Une nouvelle version de DxO Optics Pro est disponible. Il s'agit de la 7.5. Parmi ses principales caractéristiques figure le passage à 64 bits, qui augmente la vitesse de lancement, de prévisualisation et de traitement (à condition d'avoir un ordinateur équipé à ce régime). Plus de deux cents nouveaux modules boîtier-objectif sont implémentés, ce qui porte la bibliothèque DxO à plus de six mille modules, dont soixante pour le Nikon D800. L'interface a été enrichie de nombreuses fonctions sous Windows (les utilisateurs de Mac représentent environ un cinquième de la clientèle de DxO). La mise à jour est gratuite pour les possesseurs d'une version 7. Sinon, un prix promotionnel est actuellement proposé, à 100 € (au lieu de 150)

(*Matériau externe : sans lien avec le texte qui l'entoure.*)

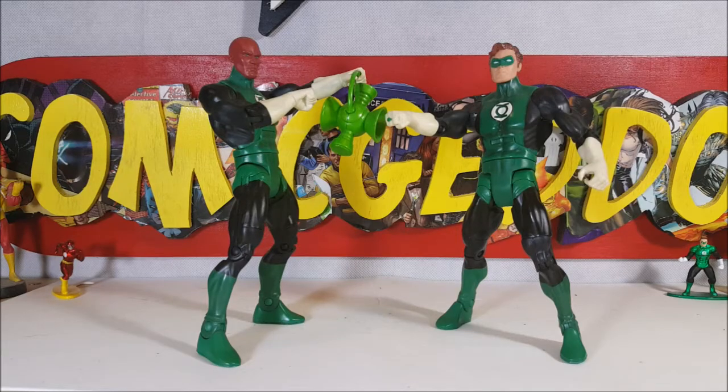Hey guys, welcome back to Comic NTV, where all geek culture collides. I'm Shannon, and today we're going to be taking a look at the DC Universe Green Lantern Action Figure 2-Pack.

    Les principales nouveautés des versions 7, par rapport aux versions 6, portent sur :
   - la vitesse d'exécution (DxO indique que celle-ci est accrue jusqu'à un facteur quatre), encore améliorée si on peut passer en 64 bits,
  - l'amélioration des options de netteté, déjà performantes sur les versions 6, avec notamment une action spécifique sur les bords d'image, souvent moins piqués que la zone centrale,
   - un meilleur traitement des couleurs et des zones de haute lumière,
   - une optimisation de l'ergonomie.

Les habitués de cet excellent logiciel d'amélioration de l'image et de dématriçage des images RAW ne seront pas dépaysés. DxO reste le plus performant dans le traitement du bruit et continue de faire la course dans le peloton de tête, pour l'ensemble de ce qu'on en attend. Rappelons que l'éditeur, qui a établi un critère mondial avec ses tests de laboratoire, est français. Mais DxO ne concurrencera pas, cette fois encore, les champions du HDR que sont Photomatix, Oloneo et EasyHDR, et le module de "vrai HDR", qu'on nous dit en préparation depuis des mois, est toujours absent.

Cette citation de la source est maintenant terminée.